The solution was to make post-split assignments and begin a cross-training process to develop the needed skillsets in specific individuals. In some cases, employees had to do their current job, train someone to do their current job and learn a new job. This required that all treasury activity be consolidated to corporate. Regional treasury centers (RTC’s) were shut down with only some limited local representation for local business support and back up to corporate. The working philosophy during this period was always make yourself available for knowledge transition to ensure one’s own success.
Remove roadblocks quickly. As noted earlier, the splitting company imposed a very short timeline on itself to close the transaction. Consequently, it was necessary to ensure there were no delays, especially self-imposed ones. The company committed itself to making all decisions within 24 hours. Employees were not held up in doing their jobs by the inability of someone higher up to make a decision.
Be realistic about Year 1 objectives. In the months following a significant organizational change there is a tendency to want to fix everything right away. Embracing this will become overwhelming and can result in frustration and burnout. Both companies took the approach to execute the transaction first and then optimize operations later and methodically.

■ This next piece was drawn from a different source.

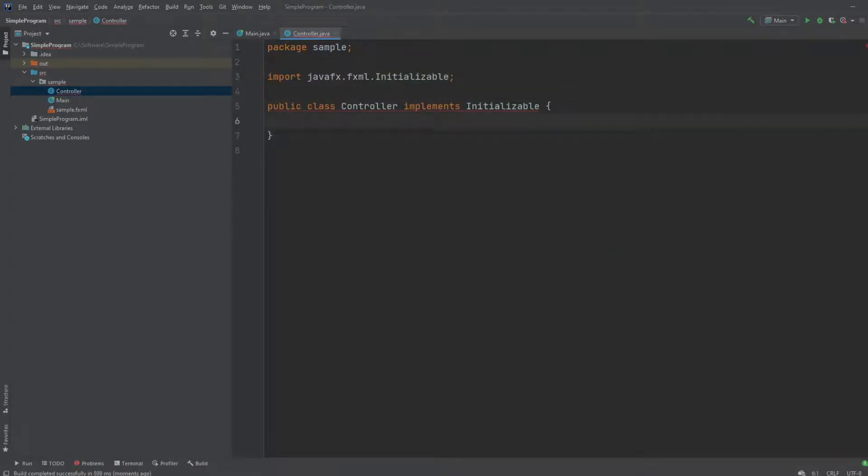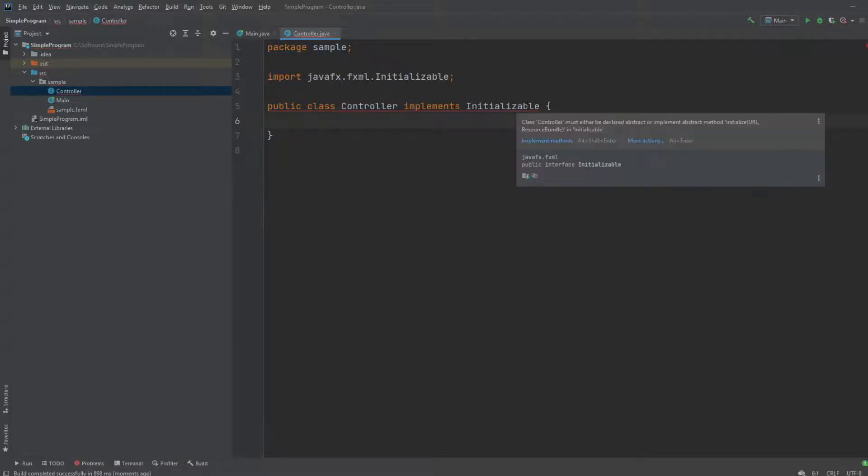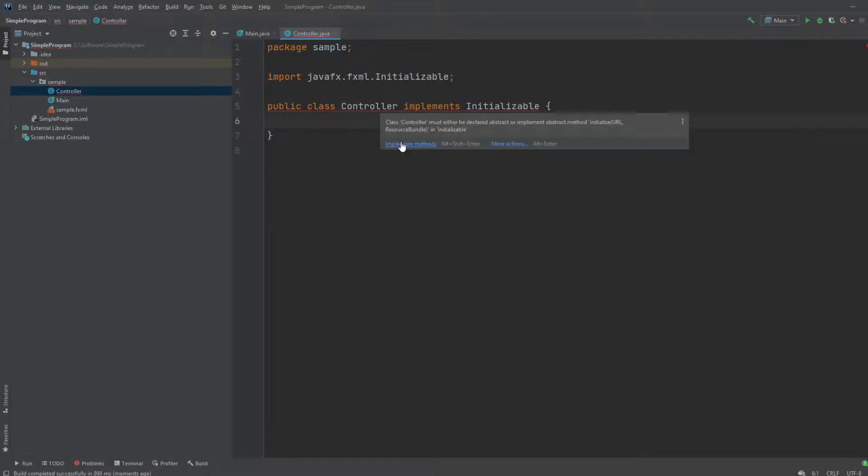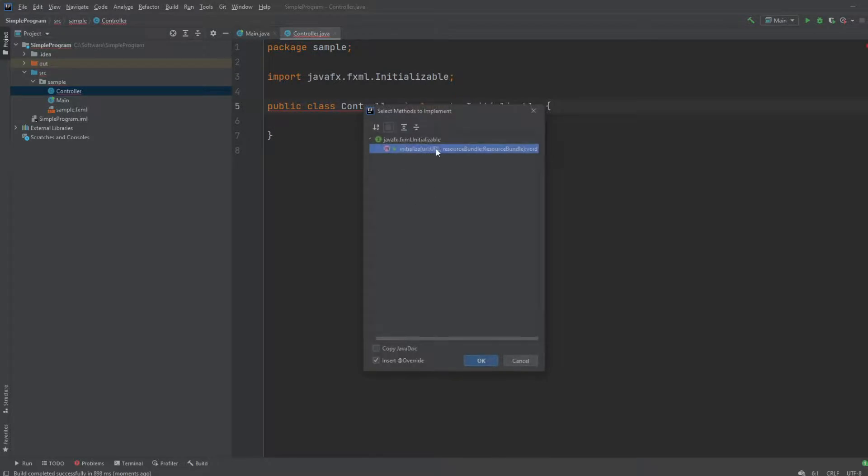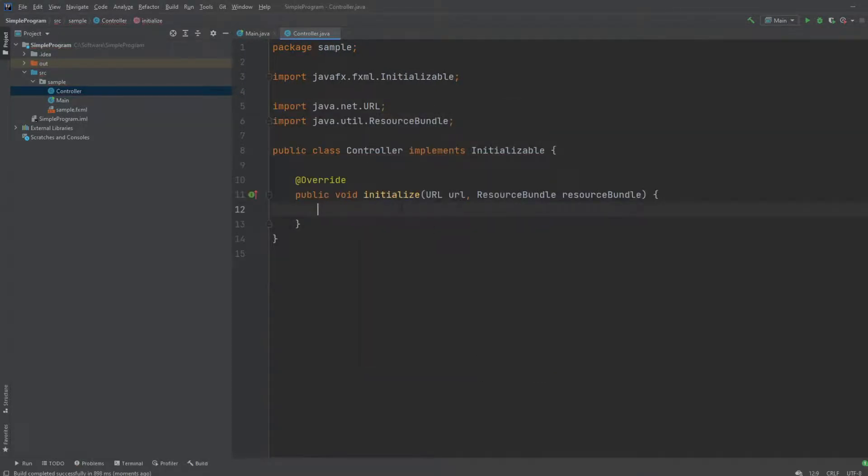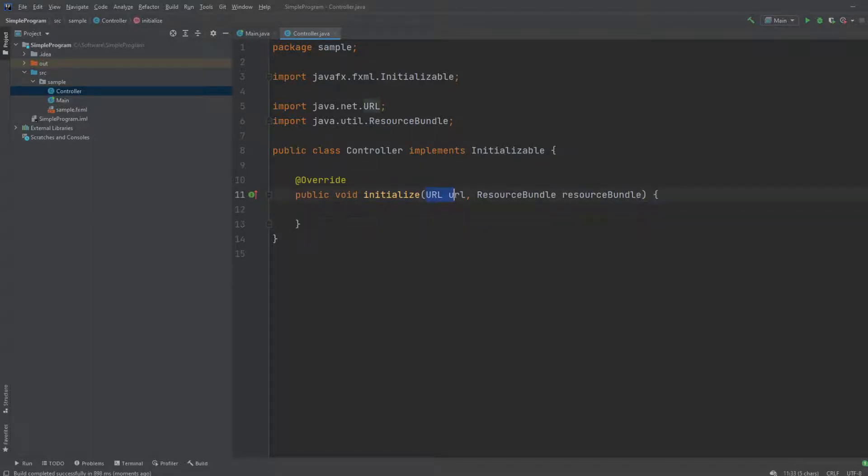And as usual, because we implement an interface, we are being told we need to implement the abstract methods inside the interface, which would be initialize, which have some parameters.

Communicate often, from the top and directly to subordinates. The rumor mill and anxiety mentioned earlier is best managed with as much honest communication as possible from all levels. The acquisition company says it is important to “engage internal and external constituencies frequently. It is important to combat the water-cooler conversations with one-on-one conversations. Senior leaders are also communicating regularly with employees globally to keep them enthusiastic and motivated.” The splitting company shares similar thoughts to combat the fear of the unknown. The employees taking on new roles have anxiety about the unfamiliarity of the activity from time to time musto be reassured and given the tools to learn the new role.
Both companies also acknowledge that employees have to be educated about the new opportunities that will unfold for those who stick it out. Each experience loss of key employees who were compelled to run to a more stable environment. But this only opens doors for those who remain.
Embrace the disruption. Both M&A and splitting are immensely disruptive, and while this is unsettling, it is also an opportunity to conduct a wholesale review of the operation and use the disruption as an opportunity for positive change. Because of a very short timeline imposed for the transaction, the splitting company was forced to split the company in an “as is” state, or as they referred to it, “lift and shift”, i.e., to make no substantive changes. However, their approach did incorporate the documentation of all processes and taking note of where opportunities lay to improve within each company, or as they said, “optimize later.”
There continue to be weekly announcements of more corporate disruptions. If you happen to be the next headline, take comfort that following these practical steps will serve any company well as they will ensure fewer people will be “lost” along the way, and the united workforce experiences the gratification of the knowledge and expertise that was needed wasn’t sufficient to simply assign experienced people. It is important to ensure that soft skills are shared among employees, and that everyone feels comfortable about performing well in their future jobs. This builds camaraderie, bonds, and corporate culture in the new standalone businesses.